A former U.K-based oil trader at Glencore Plc pleaded guilty in the U.S. to participating in an international scheme to bribe officials in Nigeria to win favorable treatment from the state-owned oil company.

Anthony Stimler entered the plea during a video hearing in Manhattan federal court Monday. Glencore confirmed that Stimler is a former employee at its oil business.

“The conduct described in the plea is unacceptable and has no place in Glencore,” the company said in a statment. “Glencore has cooperated fully with the DOJ and other authorities in their investigations and continues to do so.”

The plea is just the latest legal setback for Glencore, already embroiled in a wide-ranging probe by the U.S. Department of Justice on allegations of bribery and money laundering. The U.K., Switzerland and Brazil are also investigating the company. Authorities around the world are increasingly policing commodities trading and the companies that dominate it, while making a renewed push against market manipulation.

Charles Watenphul, a spokesman for Glencore, declined to say whether additional current or former employees could face additional charges.

Glencore said on Monday that it has taken “remedial measures” based on what it’s learned from the government’s investigation.

“Glencore has significantly enhanced its ethics and compliance programme over the last few years with a view to developing a best in-class program,” the company said.

FCPA Violation

Stimler admitted to conspiring to violate the Foreign Corrupt Practices Act and to commit money laundering. Phone calls to his lawyers weren’t immediately returned.

“In Nigeria, in exchange for the bribes, foreign officials caused the Nigerian state-owned and state-controlled oil company to award oil contracts and to provide more lucrative grades of oil on more favorable delivery terms” to the company, according to the charges.

Stimler joined Glencore from a family run petrochemical conversion business in 1999, according to an online biography. He left in 2019 after the head of the oil division retired.
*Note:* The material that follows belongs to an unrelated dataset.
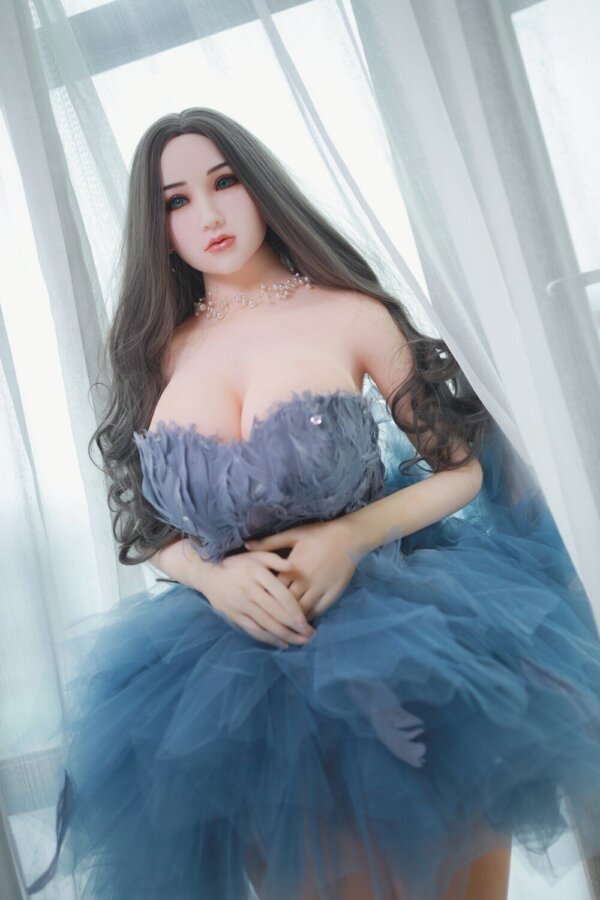 170cm/5ft7 H-cup TPE Sex Doll - Lisa Attlee - Image 3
The charges against Stimler refer to seven co-conspirators, including citizens of the U.K., Nigeria, Mexico, Spain and Israel. Prosecutors didn’t identify those people. Stimler was permitted to remain free in the U.K. on $500,000 bond.

Baar, Switzerland-based Glencore in July, 2018 disclosed that a subsidiary had received a subpoena in an Foreign Corrupt Practices Act and money laundering investigation involving the company’s business in Nigeria, the Democratic Republic of the Congo and Venezuela from 2007 to 2018.

Four months ago, a former Glencore trader pleaded guilty to manipulating an oil price benchmark, allowing the world’s largest commodities trader to profit from the price swings and enriching himself. Emilio Heredia admitted to a conspiracy in which he directed buy and sell orders that pushed fuel oil prices up and down during a hearing in San Francisco.

The case is U.S. v. Stimler, 21-cr-00471, U.S. District Court, Southern District of New York (Manhattan).